**INPUT DATA**
========

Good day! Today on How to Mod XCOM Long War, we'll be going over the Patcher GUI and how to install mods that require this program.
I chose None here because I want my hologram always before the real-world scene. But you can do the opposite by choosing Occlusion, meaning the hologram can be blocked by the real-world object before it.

========

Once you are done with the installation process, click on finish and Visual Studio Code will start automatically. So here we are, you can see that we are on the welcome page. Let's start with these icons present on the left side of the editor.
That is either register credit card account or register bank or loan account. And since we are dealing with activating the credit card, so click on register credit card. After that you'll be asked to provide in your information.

========

**WORK INSTRUCTION**
Given the data above, transcribe exactly the lines from the one containing "Good day! Today" down to the one containing "I chose None", and no others.

**OUTPUT OF THE TASK**
Good day! Today on How to Mod XCOM Long War, we'll be going over the Patcher GUI and how to install mods that require this program.
I chose None here because I want my hologram always before the real-world scene. But you can do the opposite by choosing Occlusion, meaning the hologram can be blocked by the real-world object before it.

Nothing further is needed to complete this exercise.